Appendix 1 emerges as the least satisfying part. It discusses too briefly the “dramatic dates” of the dialogues, so I shall keep my comments brief.6 Certainly, the more I examined this book, the more I appreciated that detailed discussions of prosopography on prominent historical personalities leads naturally to questions of when a particular dialogue may supposedly take place. “Dramatic dates arise as a matter of course from [Plato] representing family, friends, and circumstances as he imagined or remembered them” (p. 307). I firmly agree, as well, with N.’s basic conclusion: “the dialogues taken together exhibit a remarkable coherence: at their center are a few Athenian family groups from a handful of demes … and individuals who are often related by blood or marriage” (p. 308). Consequently, dissatisfaction arises from the shortness of the discussions that follow. On the one hand, knowing a precise date can greatly elucidate certain aspects of an interlocutor’s disposition (his age, for example), while, on the other hand, several presumed anachronisms within specific dialogue require careful discussion. Such a journey becomes quite hazardous.

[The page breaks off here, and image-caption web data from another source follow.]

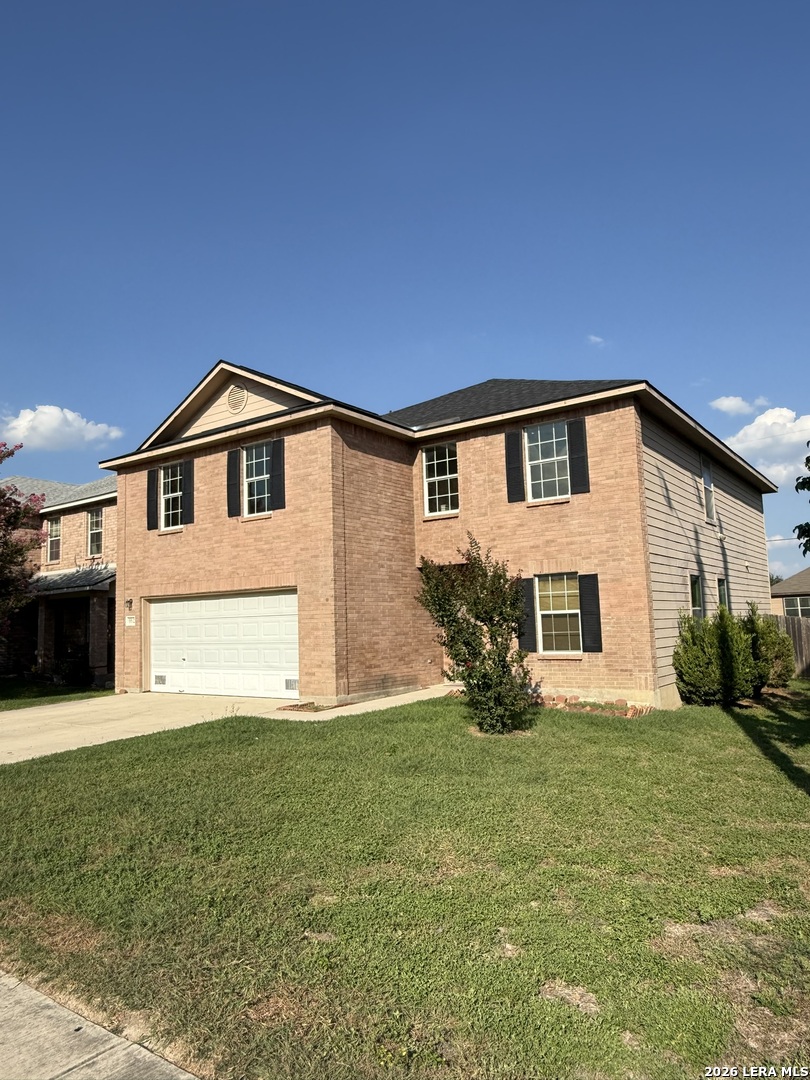 9310 Dublin Green San Antonio TX 78254
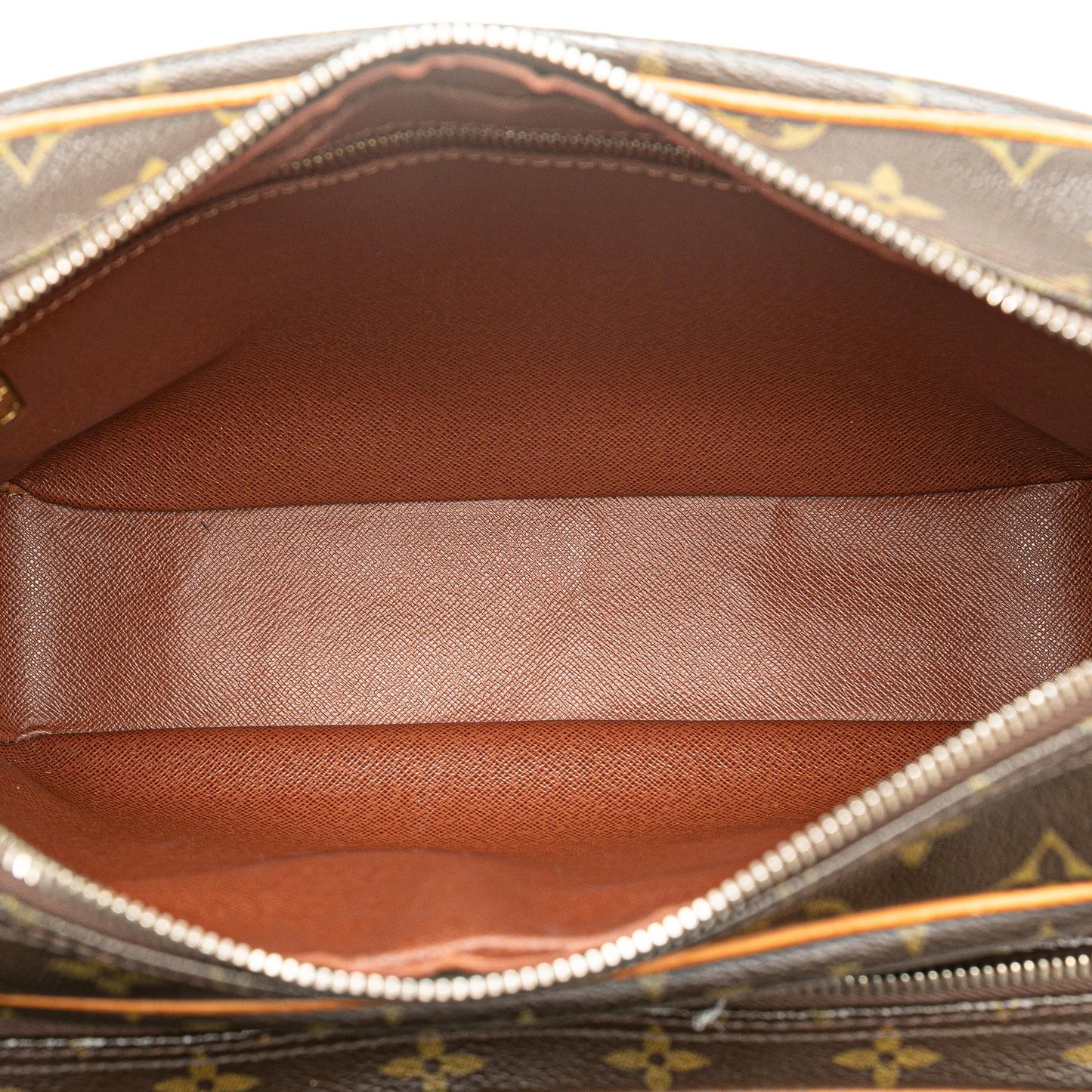 Louis Vuitton Monogram Nil Crossbody Bag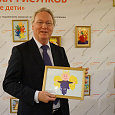 Благотворительный вечер «Новогодние встречи на Школьной»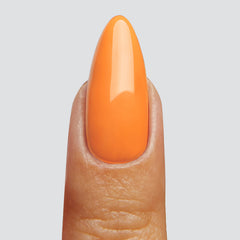 The GelBottle Inc Orange Soda Mini 7ml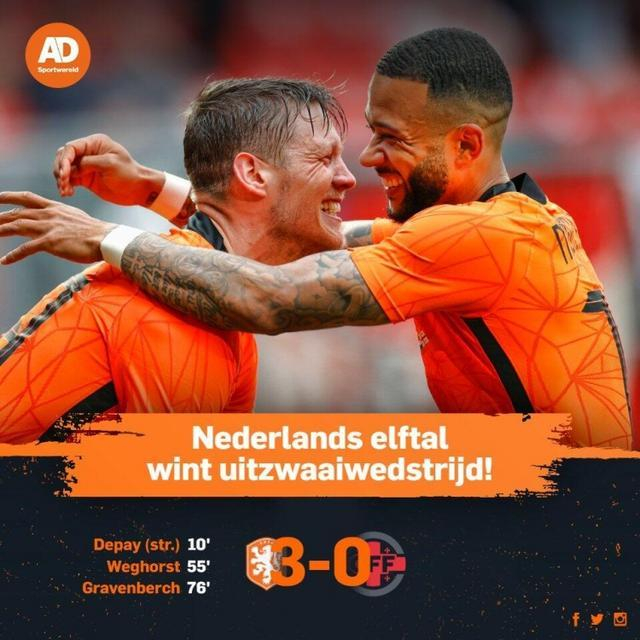 开云体育直播-恒大队报价欲签下一位荷兰边锋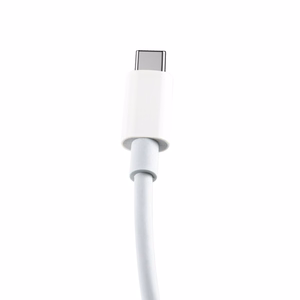 Maxlife MXUC-05 kaabel USB-C - USB-C 2,0 m 60W valge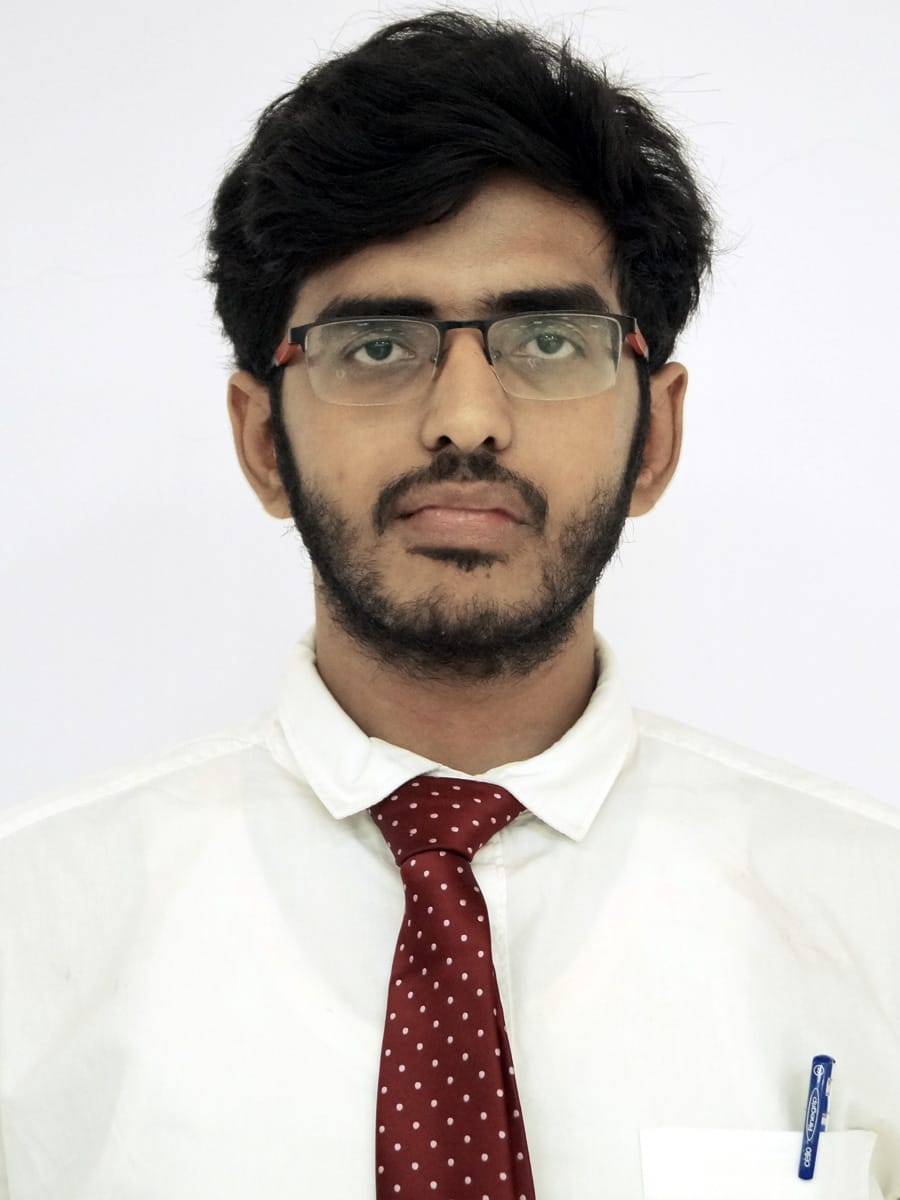 Writer: Pitamber Kaushik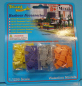 Preview: Container blocks  (160 p.) colour yellow, orange, blue, grey from Tri-ang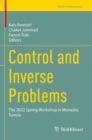 Image for Control and Inverse Problems : The 2022 Spring Workshop in Monastir, Tunisia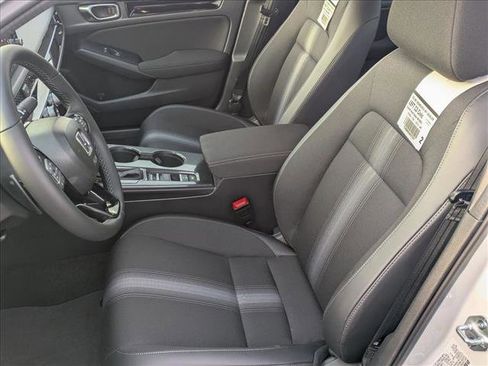 New 2026 Honda Civic FWD Hybrid Sedan image 13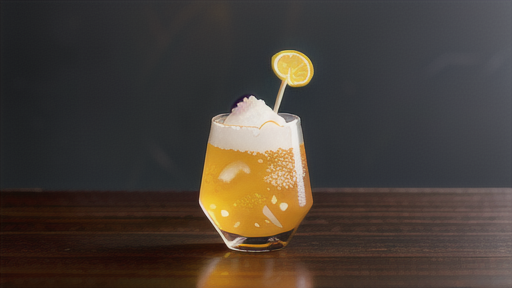 色のバリエーション:オレンジ、ホワイト、そして…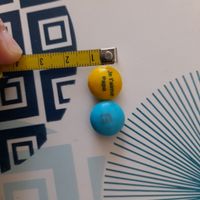 Taille M&m's personnalisé - 1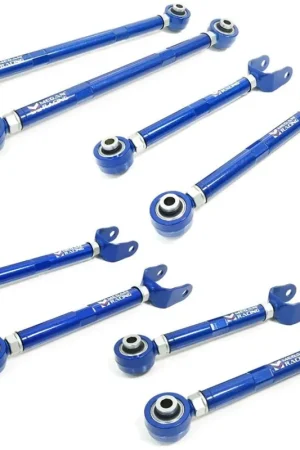Megan Racing Cadillac ATS Suspension Package :: 2013-2019 Cadillac ATS Popular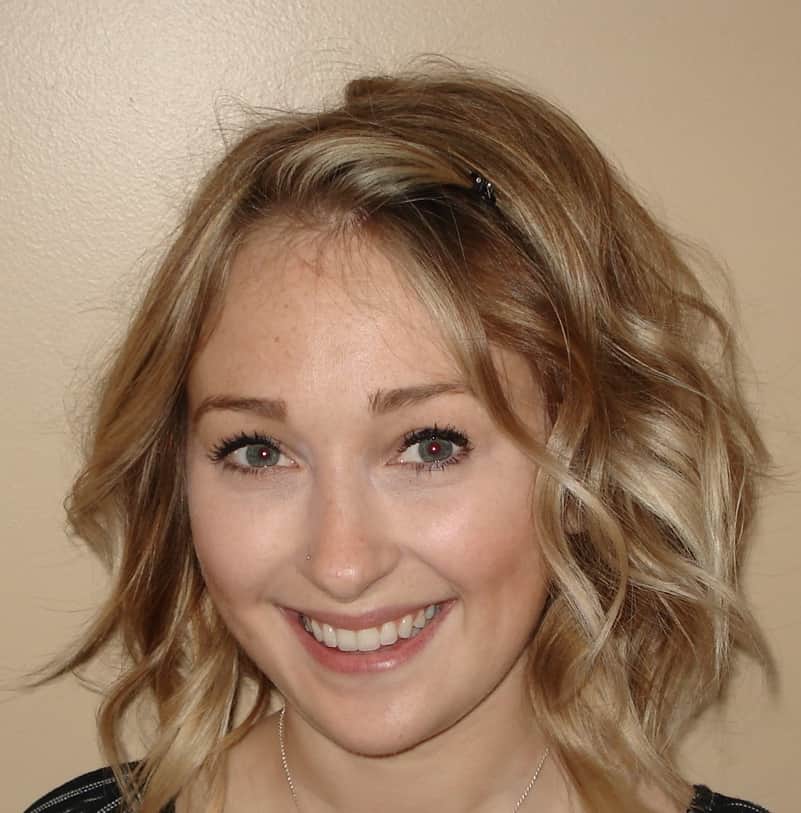 Brittany A Tranquility Salon and Spa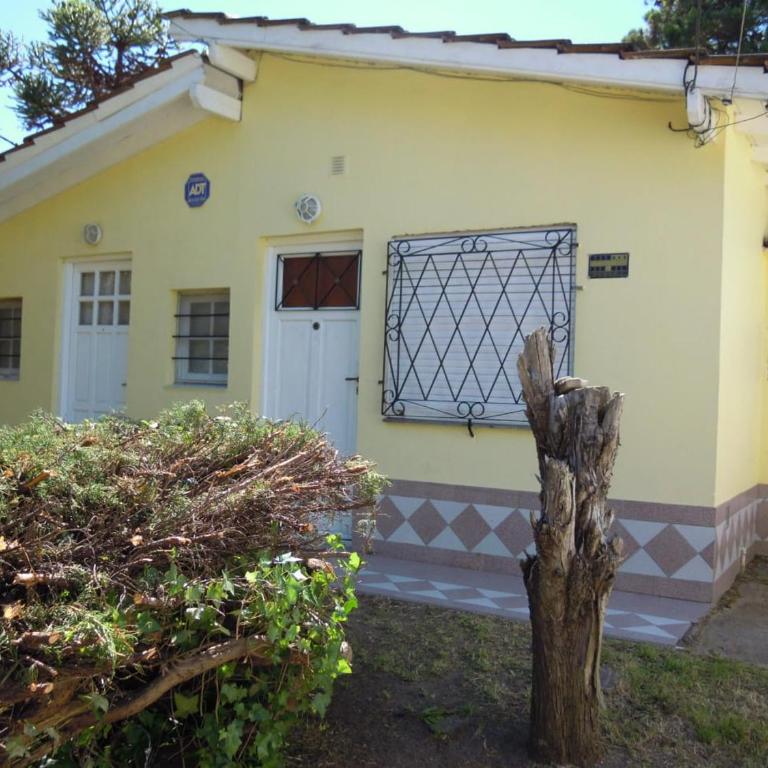 Casa Bichi - One-Bedroom House - 5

For example, N. dates the Protagoras c. 433/2, and quickly notes the most pertinent indicators. Perikles and his sons are still alive (all dead by 429); Alkibiades is quite young “with his first beard;” etc., but she skips altogether the question of whether the Greater Alcibiades might take place before (and thus create problems for the dating of) the Protagoras and does not address two apparent indicators that might place the Protagoras ca. 420 (Callias’ inheritance and Pherecrates’ play). For the Symposium, moreover, N. neglects to mention the scattering of the Mantineans mentioned by Aristophanes or the hypothesis that alludes to the Theban Sacred Band, which could be serious anachronisms.7 For other dialogues, N. overlooked important research. She fails to cite Morrison, for instance, during her brief discussion on the Meno who decisively addressed an apparent anachronism and established the conversation’s date.8

Nitpicking this section could go on for quite some time, and I do not want my bias against an appendix to detract from the overall work. If nothing else, this book should stimulate discussion from philosophers to classicists from one end of the spectrum to the other. A sourcebook of this detail will provide the specialist and novice with excellent resources, and I challenge anyone not to learn something.

As I said, this is an important book.


1. Though, I must confess, I am not entirely clear on what N. means by “absent” — unless she intends perhaps the “unnamed” or “assumed.” She has, for example, entries for Connus (Socrates’ music teacher mentioned in both the Euthydemus and Menexenus) as well as Damon, Miccus, and Anaxagoras among others who certainly are not “present” at the Platonic conversation unfolding.

2. Some might question the implication here that, in the strict/technical sense, Plato wrote within the genre of Socratic Logoi. Others will object that the author simply assigns the Greaters Hippias and Alcibiades, Rivals, Theages, Clitophon, and even the Lessers Hippias and Alcibiades and Hipparchus as spurious without explanation.

3. Similarly: 455 for 355 (p. 45) and 495 for 395 (p. 21).

4. LGNP2 1; PA/APF 13429; And. 1.47, 4.20; Dem. 21.147; Plut. Vit. Alc. 20; Pl. Chrm. 153a. See also: HCT 4 277-281 viz. 280-1 section 2; D.M. MacDowell, Andokides: On the Mysteries (Oxford 1962).

5. I have encountered one such gloss. S. White, “Thrasymachus the Diplomat,” CPh 90 (1995), 317ff. White erroneously identifies the pancratist with the political leader of the same name (Xen. Hell. 6.1, 4). The pancratist died while foolishly attempting to stay a cave-in (Paus. 6.5.8-9; Diod. 9.14.2), whereas a certain Poulyphron assassinated the statesman Poulydamas (Xen. Hell. 6.4.32).

6. I must declare, however, a keen interest and bias on this particular subject, as it is a specific topic I have researched for over a decade.

7. H.B. Mattingly, “The Date of Plato’s Symposium,” Phronesis 3 (1958) 31ff.; J.S. Morrison, “Four Notes of the Symposium,” CQ n.s. 14 (1962) 45-6; K.J. Dover, “The Date of Plato’s Symposium,” Phronesis 10 (1965) 2 ff.

8. J.S. Morrison, “Meno of Pharsalus, Polycrates, and Ismenias,” CQ (1942) 57 ff. The issue had been Plato’s reference at 91e to τὰ Πολυκράτους χρήματα by Ismenias of Thebes.